Steve Raye, president of Bevology Inc, knows the US wine industry in all its aspects in depth. He puts forward some points of interest:
- The purchase of Whole Foods by Amazon. That’s a US$13.7 billion way to say delivery is an important feature of retailing in food, and given Amazon’s control of a large portion of wine e-commerce, also wine.
Raye’s advice is “stay tuned”. On Lidl, he says:
- Entry of Lidl to complement what Costco is doing… will have significant footprint as they expand. Right now, not too many people are aware they’re out there and focusing to some degree on wine (and beer, I presume).

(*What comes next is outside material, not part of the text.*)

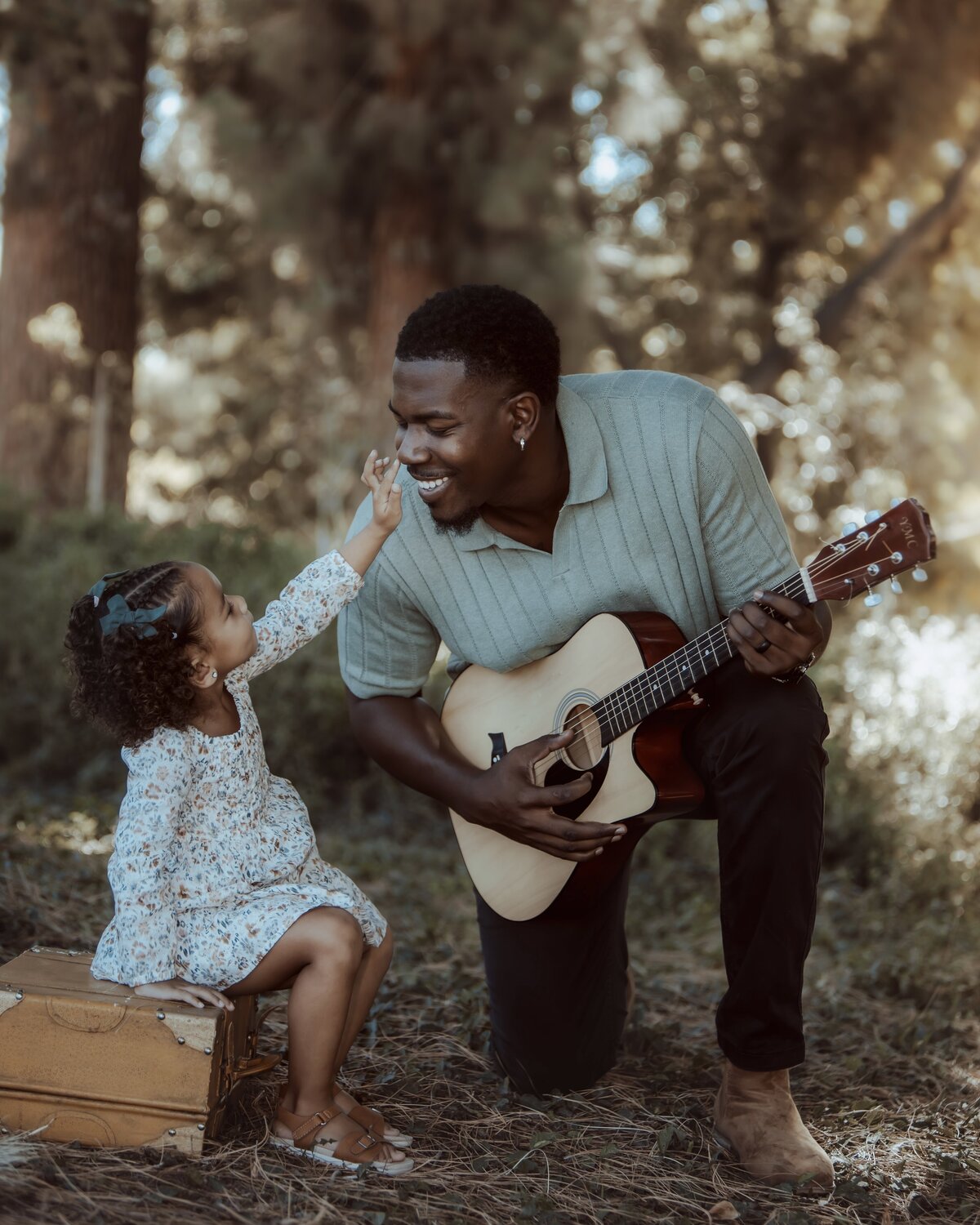 Father and Daughter Playing Guitar – Prospect Park Redlands Family Photography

Like Little, Raye sees growth in private label:
- Tremendous growth and interest. As the big suppliers and distributors focus on the bigger brands, retailers are focusing on high-margin items they can control [and] cross-sell customers to, or build relationships with customers based on unique products.
In summary, Raye forecasts:
- Continued growth, specialisation and innovative value-add concepts for traditional wine/spirit shops. Per Nielsen data, they continue to expand and represent the majority of sales for wines over US$10 (there is no consistency on category name in the system; some even call that price premium or super premium).

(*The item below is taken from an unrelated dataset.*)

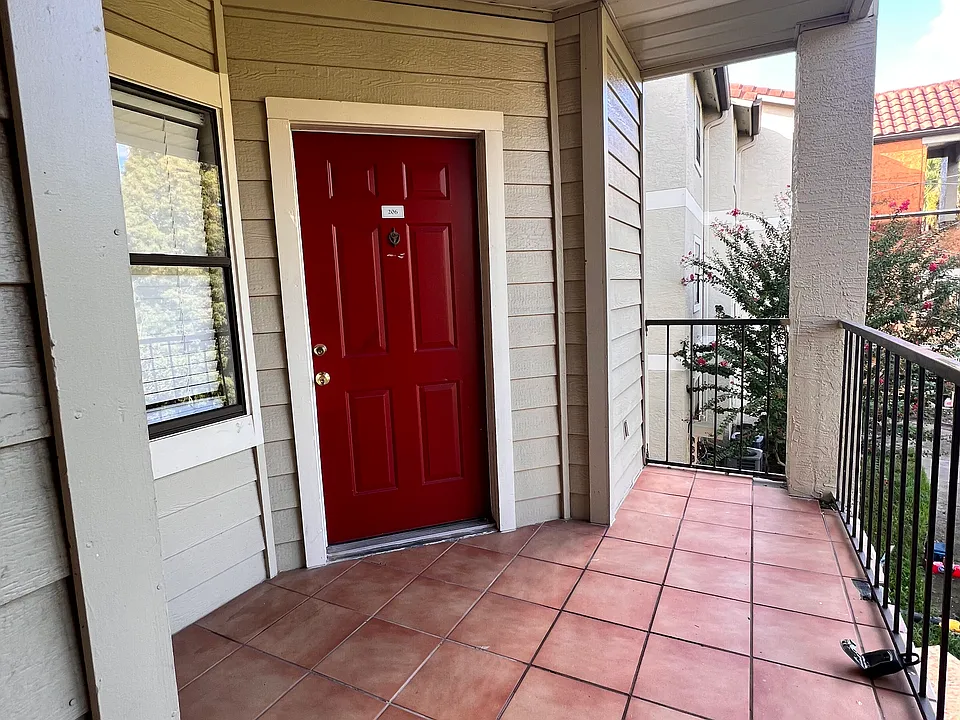 3004 Parkway Blvd #206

- These include variants such as delivery/order for pick-up (eg delivery-within-an-hour apps like Minibar Delivery, Drizly). Enhanced searches for specific wines by providers such as Drync (met them last week, meeting again for a deeper meeting next week… very interesting service that works behind the scenes as a promo tool for an individual store online, driving new and returning customer growth in numbers, total sales and net margin).
The consolidation of wholesalers has resulted in the top 10 being responsible for about US$39 billion of the almost US$53 billion US wine market:
Raye points out that in 1977 there were five to eight wholesalers in all states, and more than 3000 Wine & Spirits Wholesalers of America (WSWA) members
In 2017 there are two major wholesalers in most states and just 360 WSWA members.
According to Nielsen figures, for the 52 weeks to 25 March 2017, Australian wine was down 2.8 per cent in volume and 0.2 per cent in value in the US. Converting total wine into nine-litre cases, this amounted to 12.3 million cases. Consider that about 7 million cases came from the Casella Yellow Tail brand and it’s not a good look.
No matter one’s views on Yellow Tail, we think this vast representation is pulling the Australian category down.
The American retail landscape is changing, but with Australian eyes all seemly focused on China, we fear Australia could lose out stateside.